The note, penciled in German, has been translated as saying, "I was one of the kidnappers of the Lindbergh baby and not Bruno Richard Hauptmann." It also said that some of the ransom money had been buried in Summit.

Hauptmann, of course, was the illegal German immigrant who was convicted of felony murder for the 1932 slaying of 20-month-old Charles A. Lindbergh Jr., who had been abducted from the nursery window of the Lindbergh country house near Hopewell. Hauptmann, maintaining his innocence to the end, died in the electric chair.

That a statement taking responsibility for the kidnapping has emerged from someone other than Hauptmann is not in itself remarkable.

"We have a filing cabinet full of letters that people wrote saying, 'I'm the kidnapper"' and asking for the ransom money, said Mr. Falzini, who oversees the vast Lindbergh kidnapping archive owned by the State Police. He is also aware of 16 people who have claimed to be Lindbergh's kidnapped son, now grown, including an African-American woman from Trenton.

But Mr. Falzini says this particular confession appears to be genuine. A series of holes in the board lines up precisely with in the original Lindbergh ransom notes. The coincidence suggests that the board is the template that was used to puncture the three-hole pattern that the police in the Lindbergh investigation came to recognize as the kidnapper's signature. "The ransom holes line up perfectly," Mr. Falzini said. "It doesn't look like it's a hoax."

Lloyd Gardner, a Rutgers history professor, who has written a book on the Lindbergh trial for Rutgers University Press that is due out next spring, confirmed that the holes in the board and the ransom notes matched with uncanny precision.

"It's stunning," he said. "I would say that there's very strong evidence that this is the template."

Less evident is how the confession ought to be interpreted. Mr. Falzini said the handwriting did not match Hauptmann's, which suggests either that the convicted killer had an accomplice or that he was perhaps innocent, even though about $15,000 of the $50,000 in ransom money was foundn his garage.
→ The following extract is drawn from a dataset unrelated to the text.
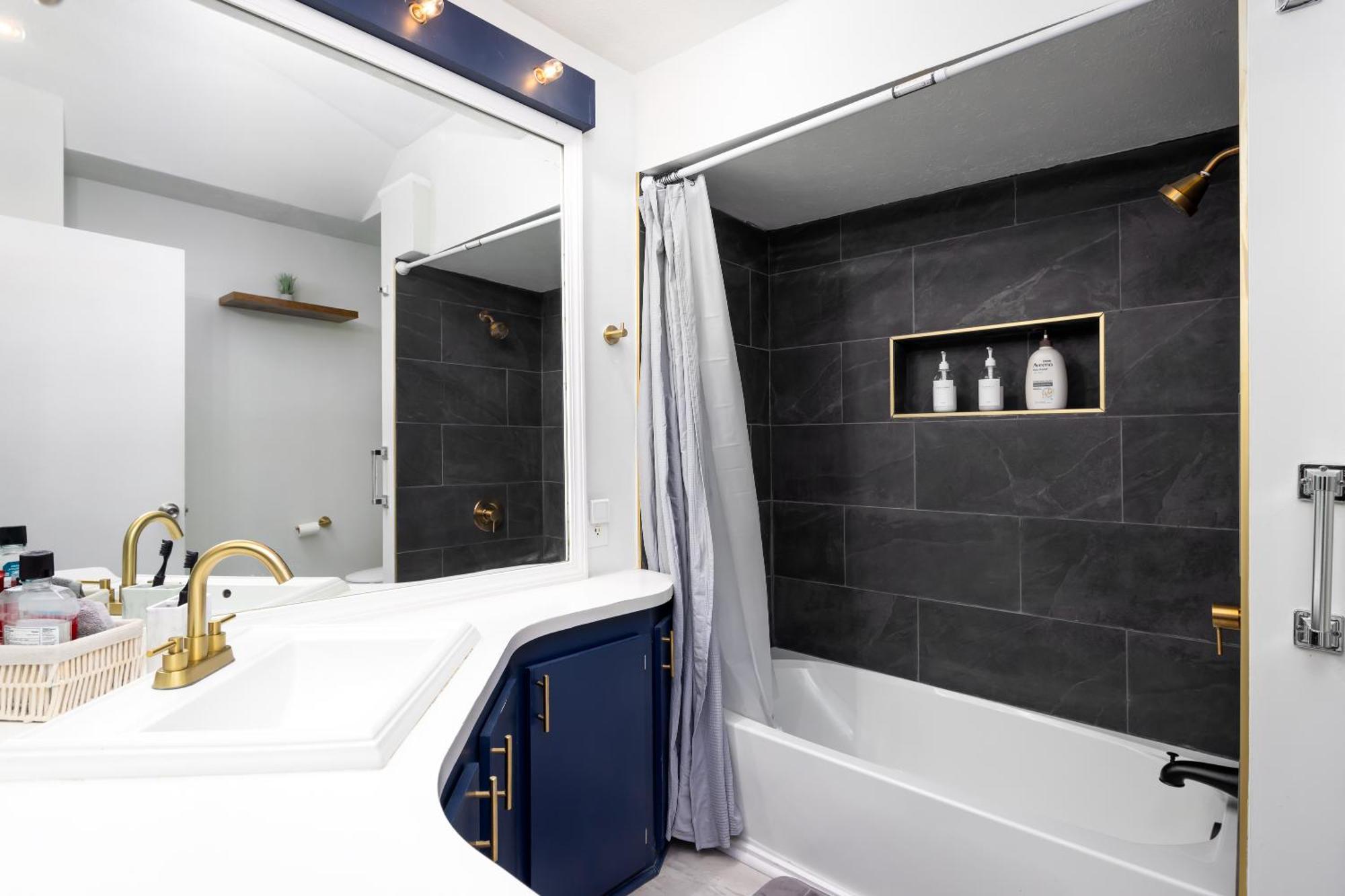 2 Bedroom Ft Moore Retreat Columbus Buitenkant foto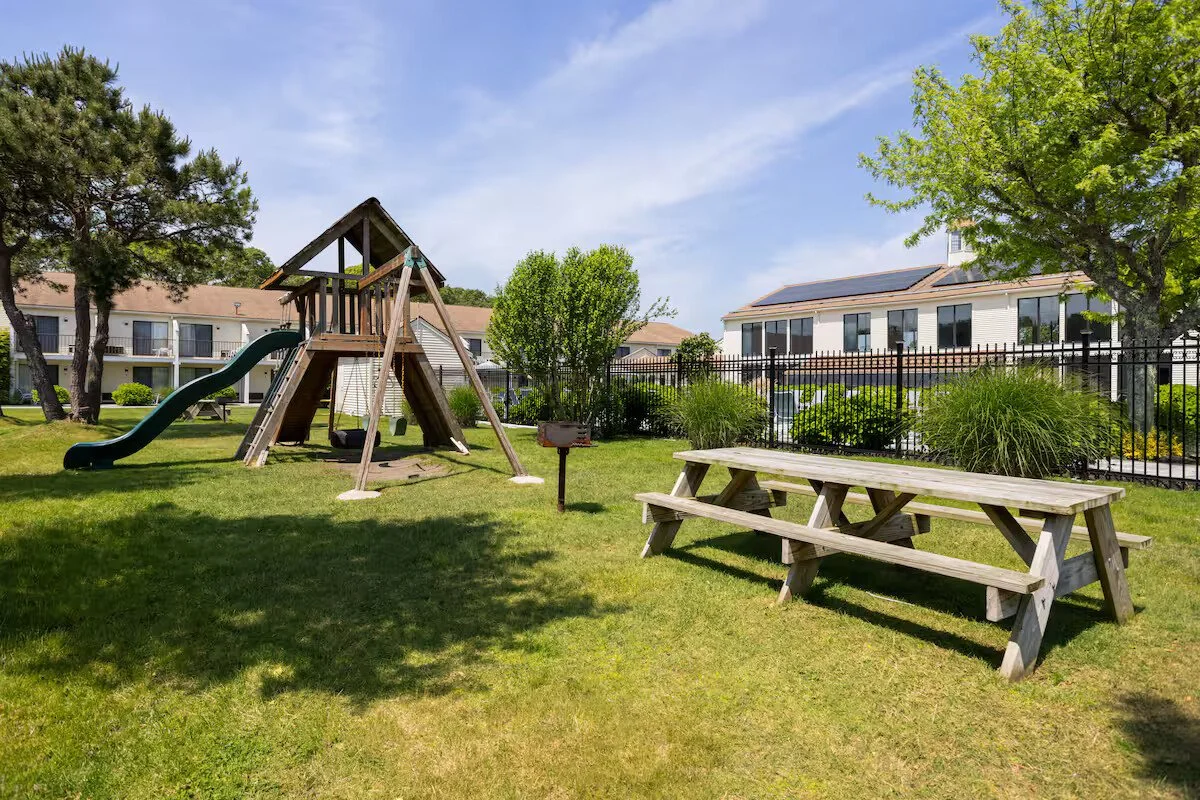 58920_playground_1_converted.jpg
A vexing detail is that the note is signed "N.S.D.A.P." - the German initials for the Nazi Party. The Nazi connection is so out of context with the body of Lindbergh trial evidence that neither Mr. Falzini nor Mr. Gardner knows what to make of it.
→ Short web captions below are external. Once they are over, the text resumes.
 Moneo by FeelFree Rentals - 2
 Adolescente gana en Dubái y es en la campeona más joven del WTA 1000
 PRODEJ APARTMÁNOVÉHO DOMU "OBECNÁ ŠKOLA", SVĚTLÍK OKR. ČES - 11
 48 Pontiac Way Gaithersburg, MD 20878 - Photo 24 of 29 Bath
"That's the kind of evidence this is," Mr. Gardner said. "It's mysterious, it's challenging, and no one can explain it. Thank heavens the police didn't just throw the board away. It's rather remarkable that it survived."

Mr. Falzini is not the first to have seen the German words written on the board. Newspaper clippings from 1948 indicate that the State Police were called to investigate writing on a piece of wood found braced to the underside of a table owned by a South Plainfield man. The authorities of the day dismissed the finding as a hoax, apparently without taking notice of the holes.

That is where things stood until Mr. Falzini, getting to a task that had long been on his to-do list, unlocked the crate in the police warehouse last November. The board's significance became apparent when he retrieved the first of the Lindbergh ransom notes from a safe, placed it atop the board and found the holes to be in alignment. In January the discovery attracted the attention of a television news crew from Orlando, Fla., that had come to New Jersey to investigate another angle of the Lindbergh case. The news spread to Lindbergh hobbyists worldwide this spring when Mr. Falzini alerted several scholarly researchers like Mr. Gardner and a trio of lively Lindbergh Internet forums.

Michael Melsky, a federal prison counselor and Lindbergh trial hobbyist who oversees one of the Internet sites, quickly drove from his home in Bucks County, Pa., to the New Jersey State Police Museum, a building on the West Trenton campus that houses the Lindbergh archives.

"I went down there and saw it right away -- within a week," he said.

On March 4, Mr. Melsky posted this message: "I am convinced we have the 'template' for the holes . Mark made the discovery of a lifetime."

Mr. Kazman said Mr. Falzini's recent discovery was welcome news. "What it does is to perpetuate the lore and the myth surrounding the case," he said. "It continues to perpetuate the controversy."